Porous Co3O4/reduced graphene oxide (RGO) composites with excellent supercapacitive performance were successfully synthesized on nickel foam (NF) by electrophoretic deposition followed by thermal reduction, and a hydrothermal method. The effects of the introduction of RGO and molar ratio of hexamethylenetetramine (HMT) and Co(NO3)2 on morphology and electrochemical performance of the deposits were investigated. The morphological evolution of Co3O4 prepared on RGO with the increase in molar ratio was followed: dispersed flower-like clusters composed of fine nanosheets (1:2) → coarse flower-like clusters (1:1) → a honeycomb-like structure consisting of fine nanosheets (2:1) → two layers of structures (initial honeycomb-like structure covered with coarse flower-like structure in 3:1 and 4:1). A highest specific surface area was obtained in the sample prepared in the HMT/Co(NO3)2 M ratio of 2:1. The introduction of RGO contributed to the increase in specific surface area of the deposits.
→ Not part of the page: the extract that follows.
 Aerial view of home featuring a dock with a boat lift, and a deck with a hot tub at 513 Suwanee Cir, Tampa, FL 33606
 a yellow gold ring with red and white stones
For the three-electrode testing system, the specific capacitance of the Co3O4/RGO deposit at the molar ratio of 2:1 reached the highest values of 1138.11 F g−1 at a current density of 1 A g−1, 800.71 F g−1 at a scanning rate of 5 mV s−1, which were higher than those of Co3O4. This Co3O4/RGO deposit also demonstrated the outstanding cycling stability (the specific capacitance of the 80.67% of initial value was retained after 5000 cycles). For the two-electrode testing system, the as-fabricated asymmetric supercapacitor device achieved a high specific capacitance of 108.87 F g−1 at a current density of 1 A g−1 with a stable operational voltage of 1.45 V and a high energy density of 647.05 Wh⋅kg−1.